Já o signo simbólico, para ser comunicado, faz necessário o
estabelecimento de regras e convenções. Não há nada que o conhecimento físico possa
ajudar, já que o símbolo não possui natureza alguma e pode parecer
perfeitamente adaptado a qualquer signo. É só uma questão de linguagem -
abstração. Tanto na escrita quanto na fala. Saussure observa que é uma grande ilusão considerar um termo
simplesmente como a união de um certo som com um certo conceito. Defini-lo
assim seria isolá-lo do sistema do qual faz parte, já que em casos como
este, signos simbólicos, se transmite a ideia de valor, que é completamente
relativa. É necessário jogar com as regras que o outro joga, e não usar a nossa
própria regra – indiferente às significações das mediações escolhidas pelo
outro. Eis que surge o problema da crença nas palavras e o abismo total entre
as duas consciências.
O filósofo
Ludwig Wittgenstein conhece a importância da elucidação da linguagem e da
palavra como tal. Percebe que,
“...a linguagem engendra ela mesma
superstições das quais é preciso desfazer-se. É preciso um esclarecimento que
permita neutralizar os efeitos enfeitiçadores da linguagem sobre o pensamento,
ao contrário, não querer descobrir o que supostamente esteja oculto sob a
linguagem, mas abrir os olhos para ver e desvendar como ela funciona."(Wittgenstein).

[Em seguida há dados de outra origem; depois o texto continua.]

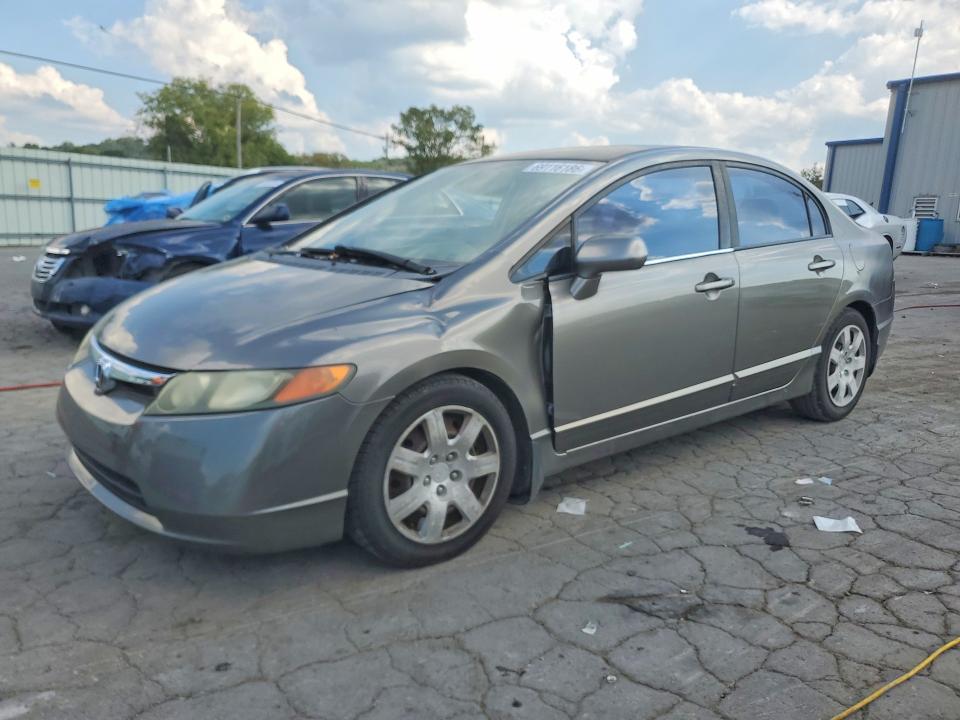69116186 :رقم المزاد ، 1HGFA16596L138614 vin ، 2006 Honda Civic مزاد بيع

Há muito tempo os pensadores que estudam a filosofia
da linguagem se perderam na busca por uma essência da própria palavra, como se
de fato ela que concebesse o significado ao objeto ou coisa – esquecendo-se de
que ela apenas o nomeia. Assim, segundo Wittgenstein, não nos cabe, portanto,
nos indagar sobre os significados puros para nenhum tipo de palavra, mas sobre
suas funções práticas.
Santo Agostinho parecia compreender esta
faceta, e afirmou que ela deve servir para o entendimento de um construtor A com um ajudante B. Exatamente o que
Wittgenstein propõe quando diz que não é finalidade das palavras despertar
representações; falar algo, denominar
algo é semelhante a colocar uma etiqueta numa coisa, nas palavras do
filósofo.
As linguagens consistem apenas de comandos, e isto não deve nos
perturbar. Não há necessidade de elas serem completas. Pois, com quantas casas ou ruas, uma cidade começa
a ser cidade?
Os problemas filosóficos nascem quando a
linguagem entra de férias. Wittgenstein então propõe os “Jogos de Linguagem”.

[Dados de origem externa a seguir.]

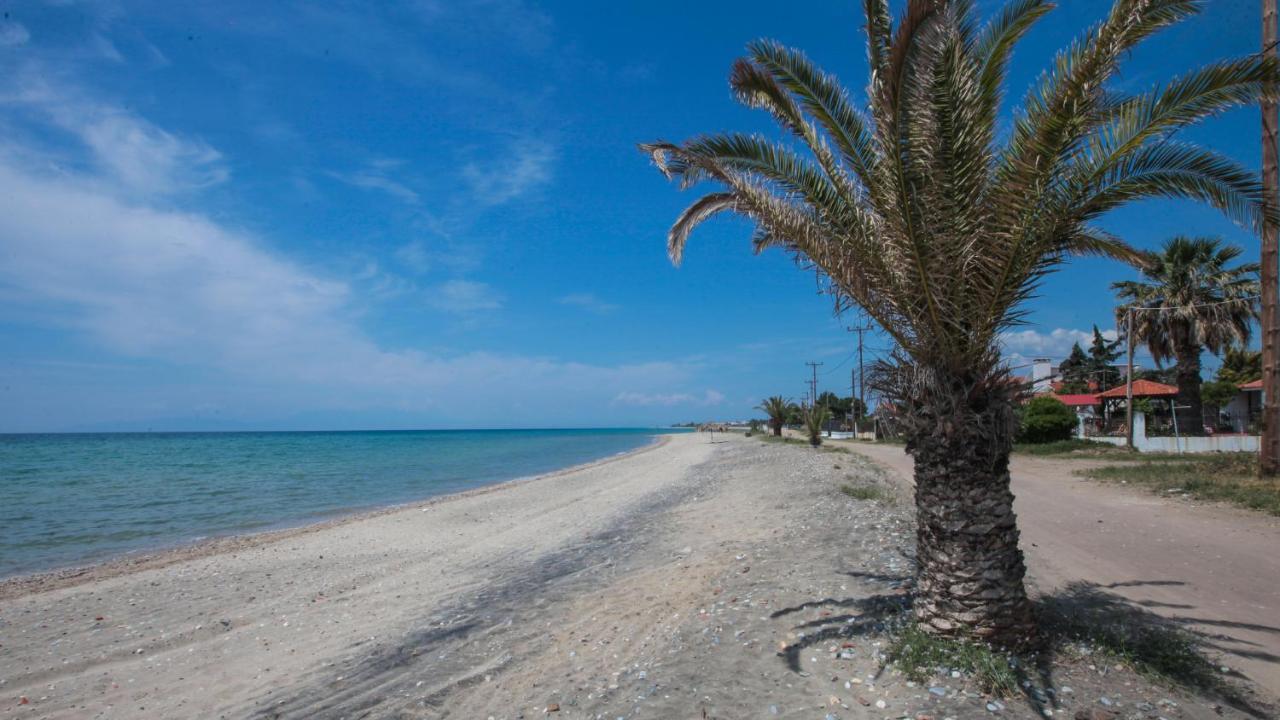 Marialena House Villa Nea Plagia Luaran gambar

Nesta teoria, as palavras não passam de um instrumento de linguagem, em que se
dá a cada palavra um papel no nosso jogo. Podemos dizer que quem fala cifra seu
pensamento, como se o substituísse por um arranjo sonoro ou visível. No
entanto, é necessário saber ler a partir das regras de quem escreveu a cifra.
Os jogos de linguagem são capazes de
resumir orações inteiras apenas em palavras, inclusive há culturas em que a
própria gramática não diz tudo, apenas pensa. Por exemplo, aquele que pensa
“Traga-me uma lajota” dizendo apenas “Lajota”, pronunciaria interiormente a
frase inteira. Traduz aquela simples palavra para seu significado – que foi
antes, brevemente convencionalizado - para que quando um homem diz “Lajota!”
ele esteja querendo que realmente leve uma lajota até ele. Tudo é uma questão
de agir de acordo com a função combinada. As palavras devem ser utilizadas tal
como uma ferramenta pelos operários – para satisfazer uma necessidade.
Utilizemos da elucidação extensiva de Wittgenstein para caminharmos em busca da
essência de uma palavra para compreender a necessidade do jogo de linguagem:
O
que é o termo “jogo”? O que é um “jogo”? Quais são os traços em comum? O
uso de bolas? Pense nos jogos de cartas. A competição? Pense numa criança que
bate bola na parede. A brincadeira? Pense no jogo chamado paciência. A sorte?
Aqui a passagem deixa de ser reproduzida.